Ryan Paulson | 18 May 2020
I can remember standing before Kelly Hester on June 1, 2002, committing to love her and care for her for my whole life. On that day, marriage felt like bliss. It was hard to imagine that we’d ever have a fight or a disagreement; but then real-life set in. We’ve both found out that marriage isn’t easy. It takes intentionality. It’s hard work; but it’s so worth it.
God knows that relationships are not easy and so there are a number of instructions and guidance given that helps us have flourishing marriages. However, sometimes the best marriage advice is found in general commands given to Jesus followers – not in specific instruction about marriage. One of my favorite passages that isn’t specifically about marriage, but it has everything to do with building a healthy marriage is Philippians 2:3-4. It reads,
“Do nothing from selfish ambition or conceit, but in humility count others more significant than yourselves. Let each of you look not only to his own interests, but also to the interests of others.”

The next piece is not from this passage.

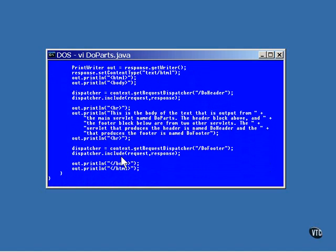This servlet then outputs the lines of HTML code for the middle of the page. Another dispatcher is created. This one is for the servlet named doFooter, and the include method is called again. It waits until the doFooter has finished and then returns. And it returns to finish the page.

Even though this passage isn’t about marriage, it would certainly help form a healthy covenantal relationship, wouldn’t it? Yes! Husbands and wives both thrive as they embrace the selfless way of Jesus.
I share this example because one of the traps we fall into is in thinking that the specific commands given for marriage override all of the other general commands given to Christians. Paul teaches the Ephesian church to “submit to one another” (5:21) and then he says, “wives as to your husbands.” He then wrote, “husbands, love your wives.” The specific call for wives to submit to their husbands doesn’t replace the general command to submit to one another; and the specific call for husbands to love their wives does not replace the command Jesus gave to “love one another” (John 13:34). Husbands should also submit, and wives should also love.
The unique applications for marriage point to an emphasis placed on a specific action within the relationship. It draws out the differentiated unity that is found in healthy marriages, but it doesn’t override the 59 ‘one anothers’ we find in the New Testament. Those ‘one anothers’ have something to say about how to live as a follower of Jesus, and they apply to both parties within a marriage. It’s in living out both the general and the specific commands that healthy marriages are forged and flourish.
Take some time today and memorize Philippians 2:3-4. Then choose one way to try to apply it to your life. If you’re married, think of one way to live it out in marriage.